Sport Dimensions managed to do both when it invented a stunt called the Pennzoil Victory Challenge at the May NASCAR All Star Week event in Charlotte. Sport Dimensions worked with NASCAR officials to get seven top drivers to show off their best “burn-out” moves – the post-victory celebrations in which drivers squeal their tires all over the track, emitting grand plumes of smoke.

Football star Randy Moss and actor Kevin Costner were part of a judging team that gave the promotion some celebrity appeal. The cable TV network Speed televised the event live, and Schneider’s shop developed an online sweepstakes element that gave one disbelieving NASCAR fan the chance to put on a suit and ride shotgun with Pennzoil driver Kevin Harvick. Who, of course, won the thing.

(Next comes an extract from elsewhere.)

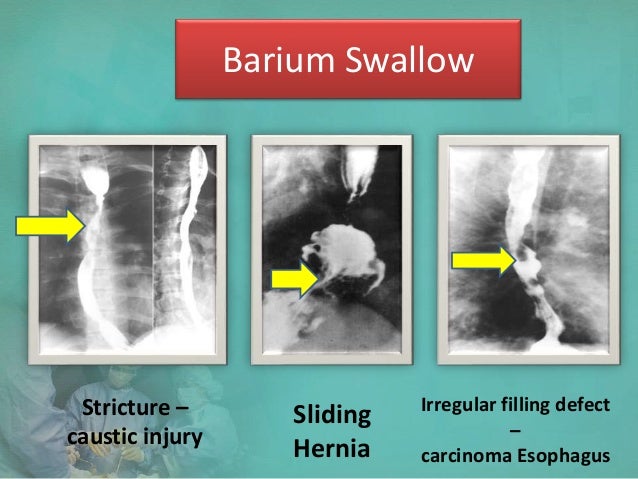 Esophageal Stricture Barium Swallow Gastroesophageal Reflux Disease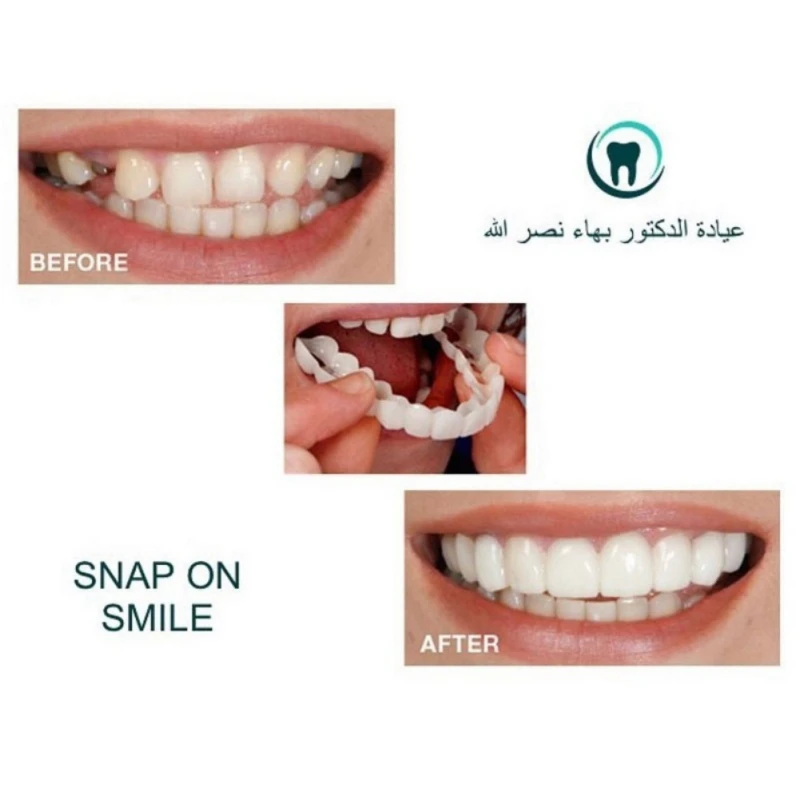 

Reusable Adult Denture Perfect Smile Whitening Denture Fit Flex Cosmetic Teeth Top Dental Veneers Comfortable Oral Care Products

“It’s about being unique,” says Schneider, who says he still feels an adrenalin rush at the track. Schneider says his business is running strong even in an economic environment that has caused some venerable NASCAR sponsors to back out from supporting drivers and teams. As long as the activation levels stay high, Schneider figures the return on investment for a NASCAR sponsorship beats traditional media options. And helps fuel his company’s growth.